All parties have condemned expelled BJP leader Dayashankar Singh's abusive remark against BSP's Mayawati.

In the effort to gradually wean Dalits away from the Congress, BSP and other parties, the BJP mounted a strenuous campaign last year to integrate the community with the larger Hindu "parivar". Howsoever symbolic, the community bathing in the Kshipra River during the recent Kumbh and shared meals on that occasion sent out a powerful message to the Dalits about the Sangh Parivar's inclusive agenda. Having voted for the BJP in substantial numbers in the 2014 Lok Sabha elections, inspired by the aspirational dream woven by Mr Modi, Dalits had indicated their willingness to be receptive to BJP's ideology. For parties which have traditionally lorded over the Dalit vote bank, this was an alarm signal. For them it was essential to abort the incipient movement of Dalits (or at least sections of them) towards the BJP. While it may be an exaggeration to suggest that anti-BJP forces wilfully instigated right-wing goons to beat up Dalits in Gujarat over skinning a dead cow or lured a UP BJP leader to utter unspeakable words against Ms Mayawati, the coincidence of these developments less than a year before the UP Assembly elections is curious to say the least. We don't know if there was a hidden hand behind the twin instigations, that too when parliament was in session, but there is no doubt that anti-BJP forces have achieved their objective even if temporarily.

BJP spokespersons have a point when they argue that similar instances of assault on Dalits in states like Karnataka and Kerala are never highlighted by the national media the same way as the Gujarat incident, for instance, has played on TV for days together. As for the despicable remark by Dayashankar Singh, the UP leader since expelled from the BJP, the uproar has subsided now that the BJP has been put on the back foot. After Mayawati and others managed to get BJP to act against Dayashankar Singh, the volume of protests has subsided. The anti-BJP parties have achieved their objective and BJP is on the defensive.
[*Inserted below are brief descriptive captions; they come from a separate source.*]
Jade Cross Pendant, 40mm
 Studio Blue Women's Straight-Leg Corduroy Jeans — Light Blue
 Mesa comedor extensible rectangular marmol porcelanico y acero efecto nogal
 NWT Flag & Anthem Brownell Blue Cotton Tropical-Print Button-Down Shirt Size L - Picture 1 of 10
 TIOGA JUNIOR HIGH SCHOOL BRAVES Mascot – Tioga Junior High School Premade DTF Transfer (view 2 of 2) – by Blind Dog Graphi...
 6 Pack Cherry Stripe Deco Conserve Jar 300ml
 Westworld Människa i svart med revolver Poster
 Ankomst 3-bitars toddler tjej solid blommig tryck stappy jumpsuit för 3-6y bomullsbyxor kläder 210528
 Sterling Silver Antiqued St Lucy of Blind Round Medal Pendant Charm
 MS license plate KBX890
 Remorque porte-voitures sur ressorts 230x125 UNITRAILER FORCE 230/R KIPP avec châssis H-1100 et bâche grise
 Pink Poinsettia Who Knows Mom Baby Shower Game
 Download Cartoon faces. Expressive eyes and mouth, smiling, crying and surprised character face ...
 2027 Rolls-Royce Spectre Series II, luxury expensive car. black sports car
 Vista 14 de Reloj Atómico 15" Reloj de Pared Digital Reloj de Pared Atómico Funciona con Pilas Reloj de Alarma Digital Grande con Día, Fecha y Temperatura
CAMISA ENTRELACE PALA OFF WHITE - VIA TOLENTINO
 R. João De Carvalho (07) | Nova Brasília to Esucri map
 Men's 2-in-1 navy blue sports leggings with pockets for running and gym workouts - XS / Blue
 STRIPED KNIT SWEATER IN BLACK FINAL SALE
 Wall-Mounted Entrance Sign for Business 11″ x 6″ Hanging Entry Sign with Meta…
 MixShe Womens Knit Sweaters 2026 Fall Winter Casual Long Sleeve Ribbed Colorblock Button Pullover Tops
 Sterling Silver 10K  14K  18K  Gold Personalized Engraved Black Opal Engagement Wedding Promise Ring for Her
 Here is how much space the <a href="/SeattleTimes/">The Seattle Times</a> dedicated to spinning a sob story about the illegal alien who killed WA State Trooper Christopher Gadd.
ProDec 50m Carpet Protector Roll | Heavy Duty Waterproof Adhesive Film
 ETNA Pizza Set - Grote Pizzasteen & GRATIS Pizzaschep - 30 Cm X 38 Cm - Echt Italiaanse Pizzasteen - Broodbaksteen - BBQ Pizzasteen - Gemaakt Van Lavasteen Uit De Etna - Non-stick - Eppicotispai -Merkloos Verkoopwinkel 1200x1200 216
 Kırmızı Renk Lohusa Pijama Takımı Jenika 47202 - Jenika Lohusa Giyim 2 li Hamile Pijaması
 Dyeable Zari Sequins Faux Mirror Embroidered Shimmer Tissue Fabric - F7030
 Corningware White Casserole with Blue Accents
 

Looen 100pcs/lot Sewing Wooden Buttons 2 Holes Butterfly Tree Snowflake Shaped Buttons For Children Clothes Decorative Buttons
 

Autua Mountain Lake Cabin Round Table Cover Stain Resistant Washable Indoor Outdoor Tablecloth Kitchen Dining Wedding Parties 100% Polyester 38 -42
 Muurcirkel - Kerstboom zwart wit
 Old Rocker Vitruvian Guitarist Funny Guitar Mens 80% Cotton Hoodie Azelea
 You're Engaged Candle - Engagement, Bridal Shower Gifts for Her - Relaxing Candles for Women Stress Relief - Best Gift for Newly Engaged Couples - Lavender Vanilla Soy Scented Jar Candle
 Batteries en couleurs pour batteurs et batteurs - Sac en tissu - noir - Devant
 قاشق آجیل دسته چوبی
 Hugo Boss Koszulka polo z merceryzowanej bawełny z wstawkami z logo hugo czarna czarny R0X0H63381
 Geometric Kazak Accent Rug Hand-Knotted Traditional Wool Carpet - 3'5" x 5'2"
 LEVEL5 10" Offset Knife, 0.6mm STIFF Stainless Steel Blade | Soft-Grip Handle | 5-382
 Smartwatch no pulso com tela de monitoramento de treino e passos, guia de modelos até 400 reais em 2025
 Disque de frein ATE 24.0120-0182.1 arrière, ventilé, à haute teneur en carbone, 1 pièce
A powerful section of opinion makers in the country have a rabid anti-BJP mindset, a mindset that overlooks similar or worse transgressions by the Congress or Left parties. There has been a single-minded effort by Left-Liberal intellectuals and their patrons in the Congress to derail Narendra Modi's development agenda and push the BJP back into a corner where it can be routinely castigated for its allegedly divisive ideology. The more the BJP tries to come out of this corner, the more it is sought to be jostled back into that space. Without any evidence whatsoever and fervent denials notwithstanding, the BJP continues to be characterised by Stalinists masquerading as Liberals as being anti-Dalit, anti-women, and needless to add, anti-Muslim. For this section of propagandists, the outrage in Una and people like utterances of people like Dayashankar Singh come in most handy.

While the BJP government at the centre and in states ruled by it need to be more proactive in nipping the mischief in the bud, the party's local units also need to be especially mindful of what they say and do. In the age of the camera phone and 24/7 TV, it is impossible to put the cat back into the bag once it has leapt out of it.

All the good work being done by the Modi Government for uplifting the poor (most of whom are, in fact, Dalits and Muslims), could be undone by careless words and deeds of prejudice that have no place in a nationalist and socially progressive party like the BJP.

(Dr. Chandan Mitra is a journalist, currently Editor of The Pioneer Group of Publications. He is also BJP MP of the Rajya Sabha.)